Information provided below:
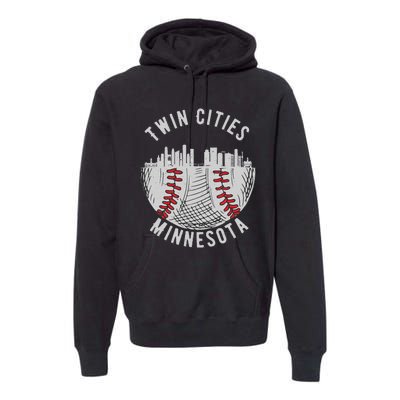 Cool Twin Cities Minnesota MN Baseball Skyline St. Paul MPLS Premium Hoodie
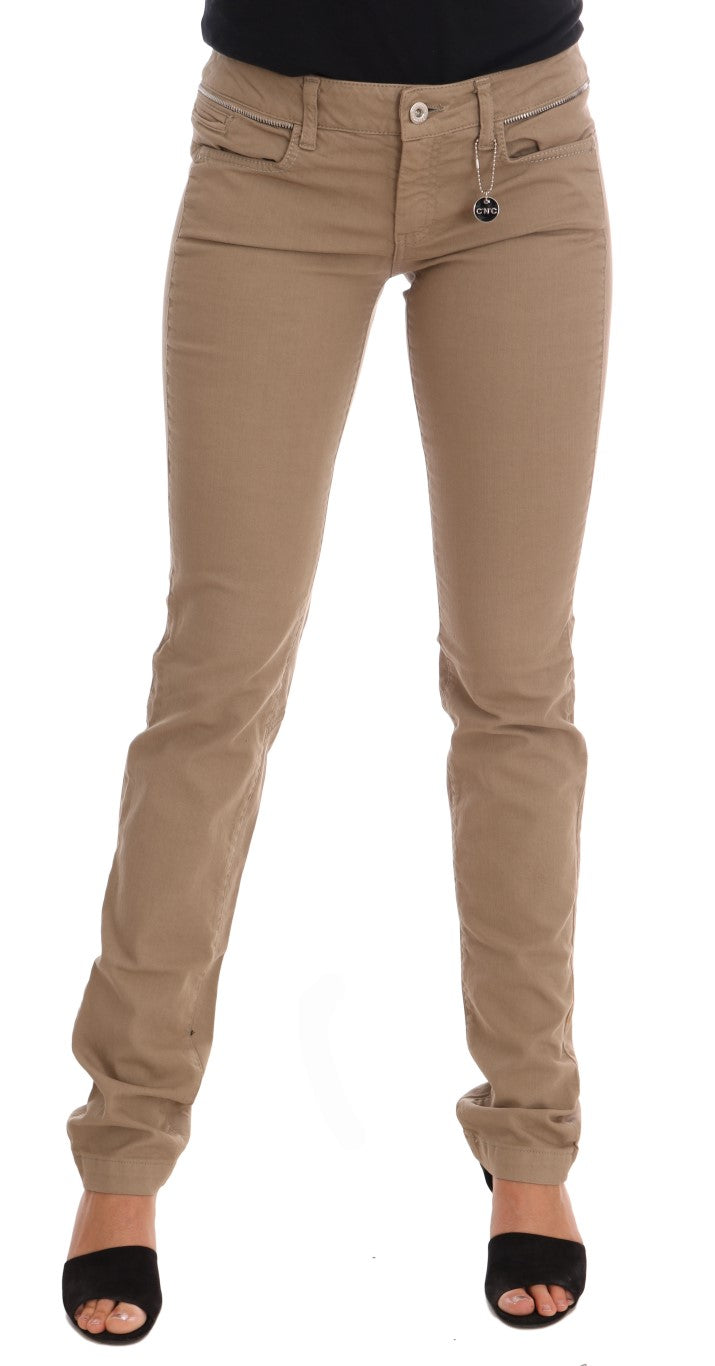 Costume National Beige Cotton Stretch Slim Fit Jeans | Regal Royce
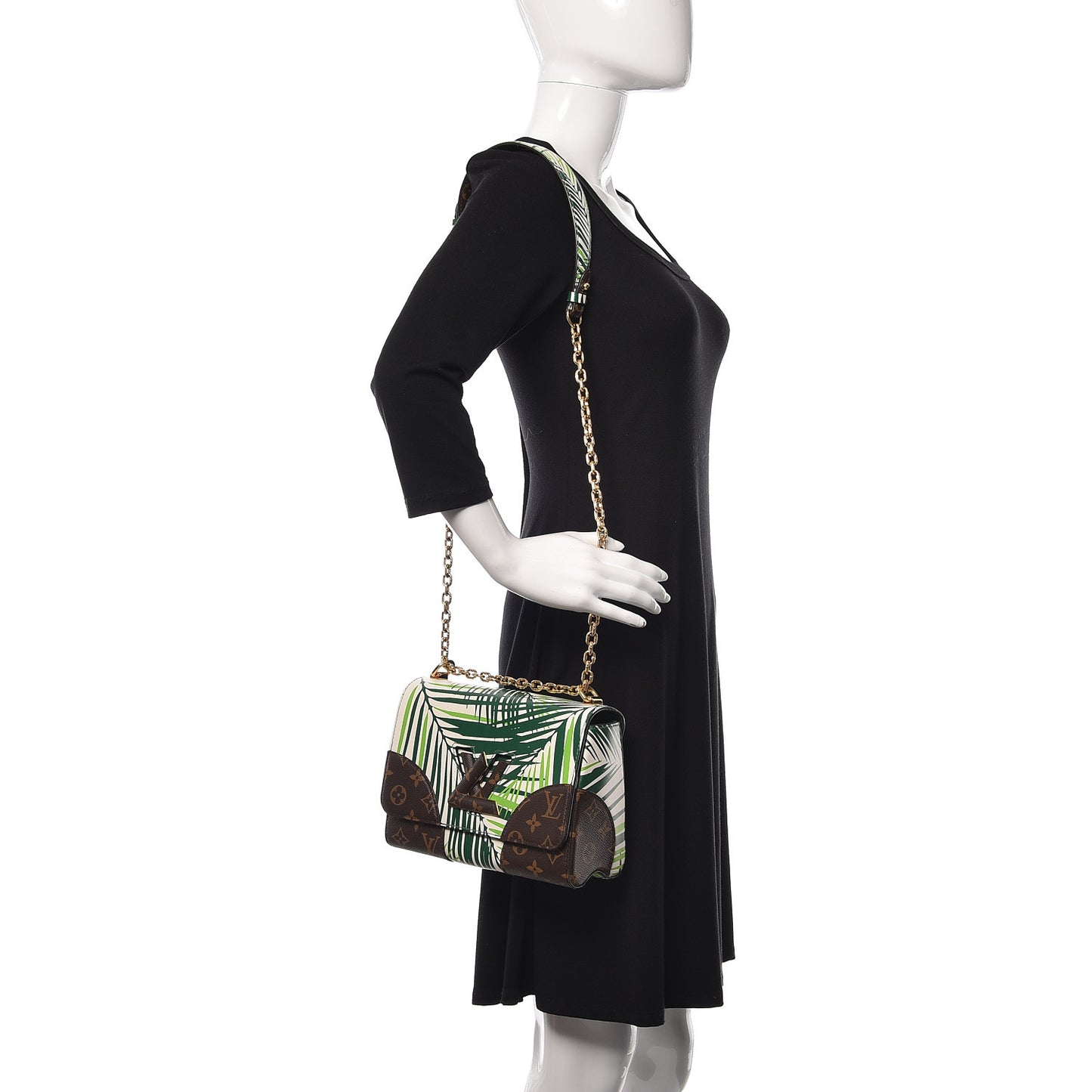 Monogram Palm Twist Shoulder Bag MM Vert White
End of Information provided.
Information provided below:
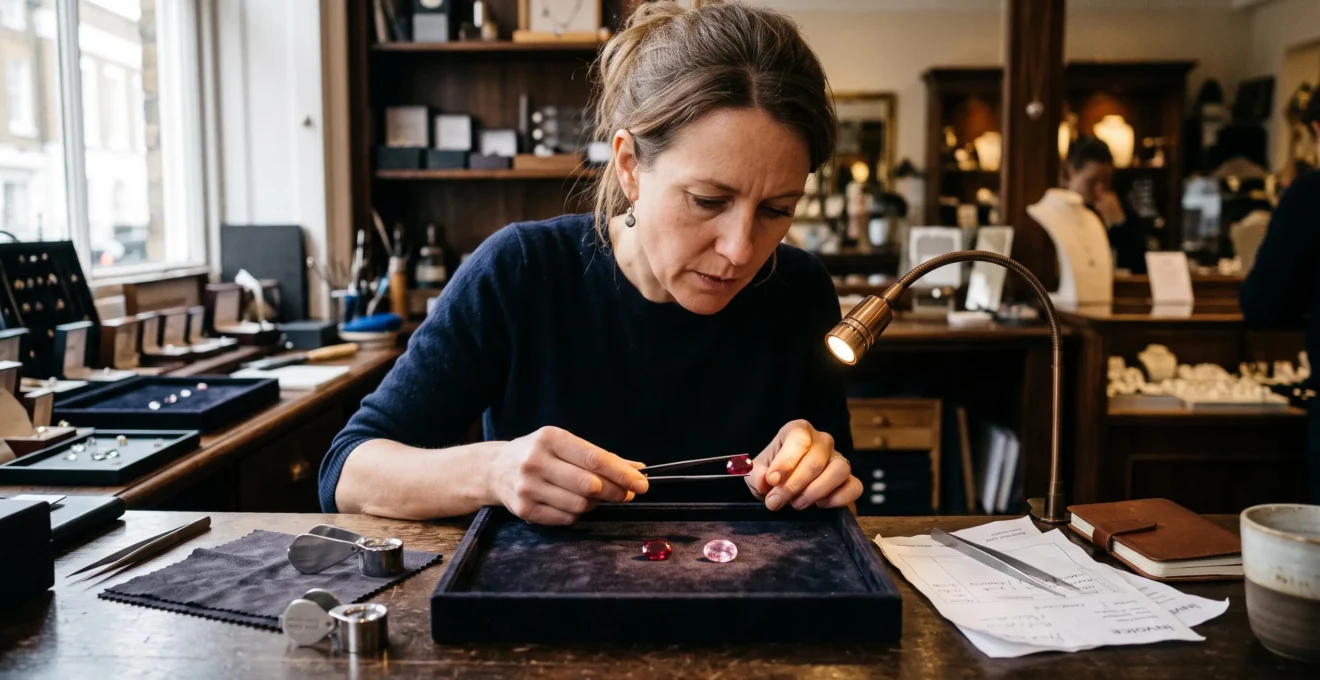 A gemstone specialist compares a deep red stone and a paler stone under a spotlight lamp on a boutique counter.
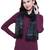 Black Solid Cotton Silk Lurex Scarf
End of Information provided.
▶ [Task brief]
What is wanted is an exact copy of the lines above from the one containing "Cool Twin Cities" through the one containing "Monogram Palm Twist", with no pictures in it.

▶ [Result of this exercise]
 Cool Twin Cities Minnesota MN Baseball Skyline St. Paul MPLS Premium Hoodie
 Costume National Beige Cotton Stretch Slim Fit Jeans | Regal Royce
 Monogram Palm Twist Shoulder Bag MM Vert White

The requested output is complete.